Figure 11. Analysis of UAV yaw decision-making, where (a,b) are the results of UAV yaw decision affected by non-cooperative target position, (c,d) are the results of UAV yaw decision affected by goal position.

Regarding Figure 11c, it depicts how the spatial distribution of goal points influences the drone’s straight-ahead action; the goal point located in Sector 9 (directly ahead on the right) has the strongest influence on this decision, with the impact intensity increasing as the distance decreases. This indicates that targets in this direction encourage straight movement. As the clockwise angle between the goal point and the agent’s heading increases, the influence weakens. When the goal point is positioned behind the agent, the encouraging effect vanishes. Further, as the angle increases, targets on the agent’s left side begin to suppress straight movement. The strongest suppression occurs when the goal point is in Sector 1 (directly ahead on the left), with the suppression effect intensifying as the distance decreases. Regarding Figure 11d, it shows how the spatial distribution of goal points influences the drone’s left-turn maneuver; the goal point located in Sector 1 (directly ahead on the left) has the greatest impact on this decision, with influence intensity increasing as the distance decreases. This indicates that targets in this direction encourage a left-turn maneuver. As the counterclockwise angle between the goal point and the agent’s heading increases, the influence weakens. When the goal point is positioned behind the agent, the encouraging effect disappears. Further, as the angle increases, targets on the agent’s right side begin to suppress left-turn actions. The strongest suppression occurs when the goal point is in Sector 9 (directly ahead on the right), with the suppression effect intensifying as the distance decreases.

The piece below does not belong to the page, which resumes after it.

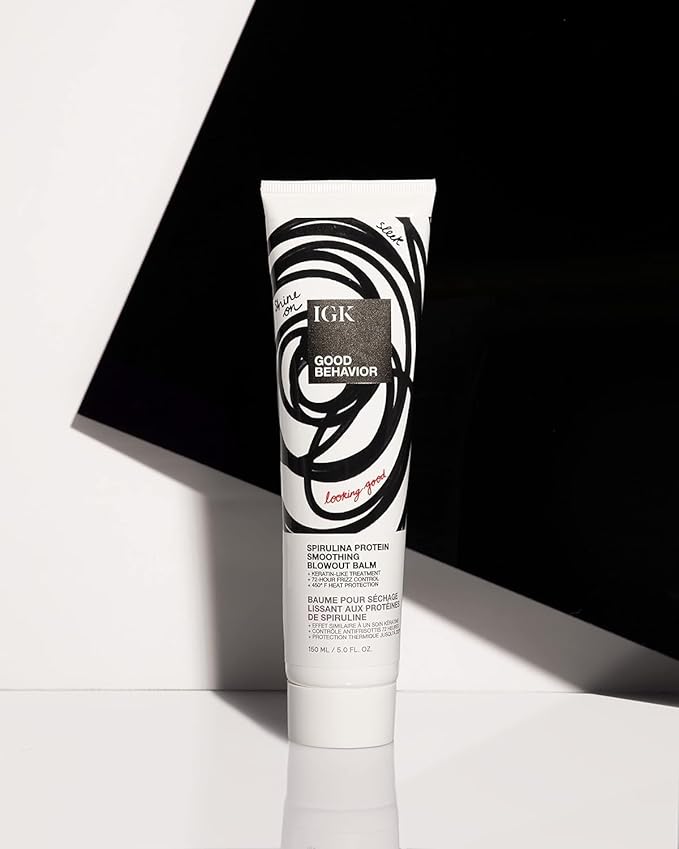 IGK GOOD BEHAVIOR Spirulina Protein Smoothing Spray + Anti-Frizz Smoothing Blowout Balm | Keratin Like Treatment + Frizz Control + Heat Protectant | Vegan + Cruelty Free
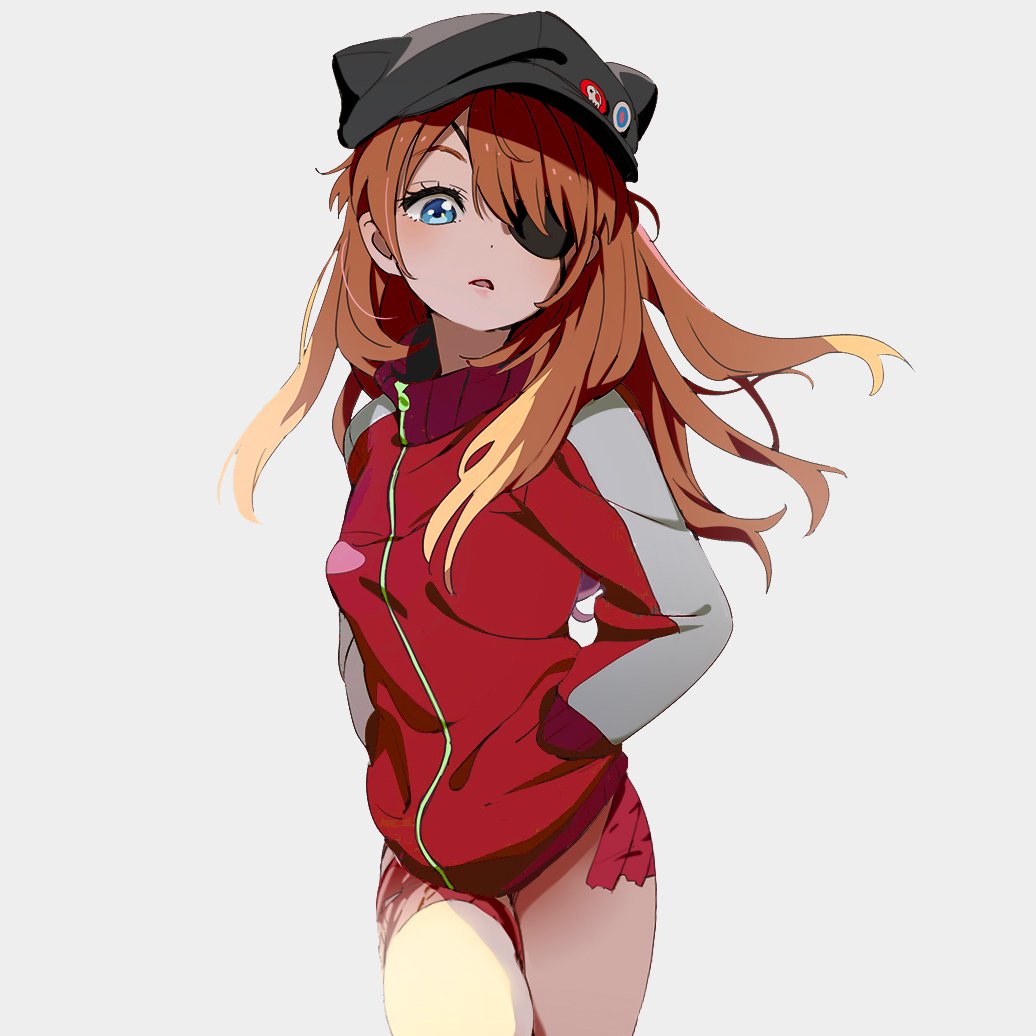 1girl animal_hat blue_eyes blush cat_hat evangelion:_3.0_you_can_(not)_redo eyepatch hands_in_pockets hat long_hair looking_at_viewer mebae neon_genesis_evangelion open_mouth orange_hair rebuild_of_evangelion simple_background solo souryuu_asuka_langley torn_clothes twintails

(2): UAV acceleration decisions are influenced by the positions of both the goal point and non-cooperative targets.

Regarding Figure 12a, it illustrates the influence of the spatial distribution of non-cooperative targets on the drone’s deceleration maneuver. Each point in the figure represents the SHAP value contributed by a non-cooperative target located at that position toward the drone’s decision to slow down. When non-cooperative targets are located in the front sectors (Sectors 1, 2, 8, and 9) of the UAV, they significantly impact the decision to decelerate, with the influence intensifying as the distance decreases. This indicates that non-cooperative targets in the forward direction strongly encourage the UAV to decelerate. When non-cooperative targets are near the UAV’s perception boundary, the encouraging effect diminishes to nearly zero. Regarding Figure 12b, it illustrates how the acceleration maneuver of the UAV is influenced by the positional distribution of non-cooperative targets. When non-cooperative targets are present in the adjacent sectors (Sectors 2–8) of the UAV, they significantly promote the decision to accelerate, with the influence increasing as the distance decreases. This suggests that non-cooperative targets in non-frontal directions (excluding the forward sectors) encourage acceleration. However, this encouraging effect also vanishes when the targets approach the perception boundary.

Figure 12. UAV acceleration decision analysis, where (a,b) are the results of UAV acceleration decision affected by non-cooperative target position, (c,d) are the results of UAV acceleration decision affected by goal position.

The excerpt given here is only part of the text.